Vicente Verdú
Decía Einstein que dos elementos le parecían de condición infinita: uno era el universo, el otro la estupidez humana. Y añadía que, por momentos, sólo llegaba a tener dudas sobre la primera aserción.
El éxito de estas supuesta declaración, que ha pervivido durante tantos años como verdad o como leyenda, debe atribuirse al regocijo que los lectores experimentan cuando ven descalificar al prójimo o los prójimos, a un ser humano concreto o a la Humanidad en general. En el grupo de estúpidos el lector de esa frase no se incluye o se introduce cariñosamente puesto que precisamente su posición de lector-descubridor de la sentencia lo distingue de la muchedumbre. Si Eisntein no podrá incluirse en la grey estúpida al llamarla estúpida (y avalándolo un premio Nobel), ni el lector que asume irónicamente la idea puede sentirse señalado. El lector siempre se ve del lado de aquel autor a quien sigue leyendo interesadamente.

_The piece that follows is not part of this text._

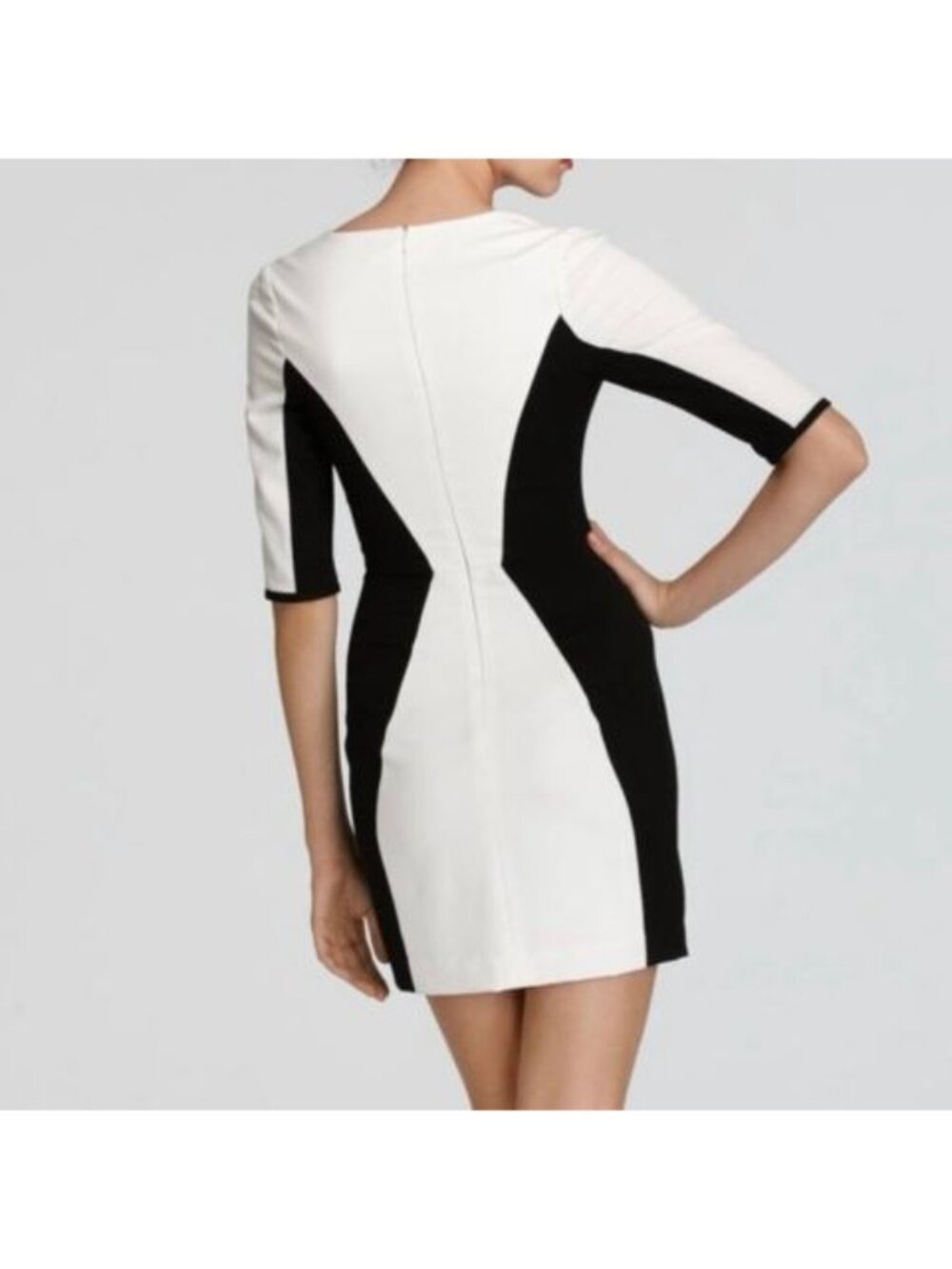 Black Halo Colorblock Sheath Dress White Black Career Cocktail Size 2 - Picture 4 of 10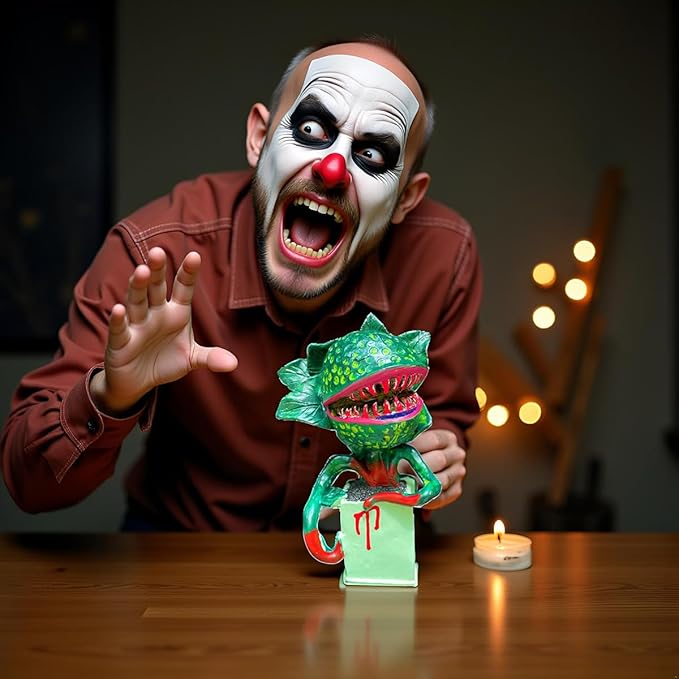 Horror Piranha Plant Garden Statue, 5.9" Tall Cannibal Plant Figurines Resin Chomper Corpse Flower Sculpture Halloween Decoration for Indoor Outdoor Home Office Desk Decor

Este interés le protege por sí sólo y establece de hecho una privilegiada complicidad que lo eleva sobre todos aquellos que no participan en el secreto del libro. El lector crece y se ve armado. El libro inteligente enaltece la cualidad de su interlocutor y desde su silencio procura una nueva voz al lector que se integra argumentalmente en la mordacidad de la proclama einsteniana. Autor y lector se suman como una potencia clandestinidad favorece la intimidad de la lectura. Se trata efectivamente de una fantasía más pero pocos medios consiguen proporcionar este acicate al espíritu. De ahí que se diga, exagerando que el libro nos espabila, nos salva, nos hace libres, nos potencia, nos bendice. Viejas leyendas que tuvieron su porción de verdad.